There is a whitepaper written by the Wan research team about the optimal step ratio, and there is even a custom node (MoEKSampler Advanced) that will use this boundary for you if you look for it, although it is not maintained. This step ratio is confusing, though. It reads as 0.9 for I2V, which would appear to mean 10% of the steps on high noise, but in reality this ratio changes with your sigma shift value. For a shift value of 8, which is what most people tend to use or at least start with, this actually results in a 50/50 split between high and low noise. When you use acceleration, things get even less concrete. I'll often use 2 high noise steps and 10 low noise steps for example.
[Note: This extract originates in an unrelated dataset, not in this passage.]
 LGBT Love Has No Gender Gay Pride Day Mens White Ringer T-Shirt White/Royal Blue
cfg: Classifier-free guidance. This value controls how closely a generative AI model follows the provided prompt. Higher means stricter prompt adherence and less creativity. In theory, this sounds like higher values are better. In practice, lower values are often better. I couldn't explain to you the science behind it, but essentially you want the AI to be creative if it is trained well enough.
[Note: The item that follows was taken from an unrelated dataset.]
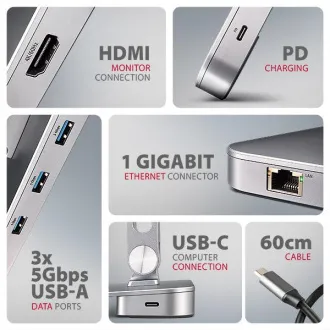 AXAGON HMC-STND, stojan pre 10"-17" notebooky, USB 5Gbps húb, 3x USB-A, HDMI 4k/60Hz, RJ-45, PD 100W, kábel USB-C 60cm - Použité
CFG values for Wan can vary quite a lot. The provided starting values are 3.5 for both high and low noise models. When I used to generate without acceleration, I would use 3.5 for high and 1 for low, so that's the values we'll try for now. If you use acceleration, the recommended values are between 1 and 2 for high, and always 1 for low.

sampler_name: This is the algorithm that the sampler uses to transform noise into the result we want. Euler is the default and the simplest and fastest sampler, but personally, I've never gotten anything but bad results using it unaccelerated. Euler works great with accelerators though. If you can afford to, I would encourage you to experiment with different samplers. When it comes to generating without accelerators, I found that uni_pc and lcm work the best in my experience. When accelerators are used, I like euler and dpmpp_sde (aka DPM++ SDE).

scheduler: This algorithm determines when the steps are executed using the sampler algorithm, hence the term scheduler. As above if you can afford to, it is worth experimenting with. From my own experience, the only schedulers that work well are simple, normal, and beta. But I haven't tried all of them.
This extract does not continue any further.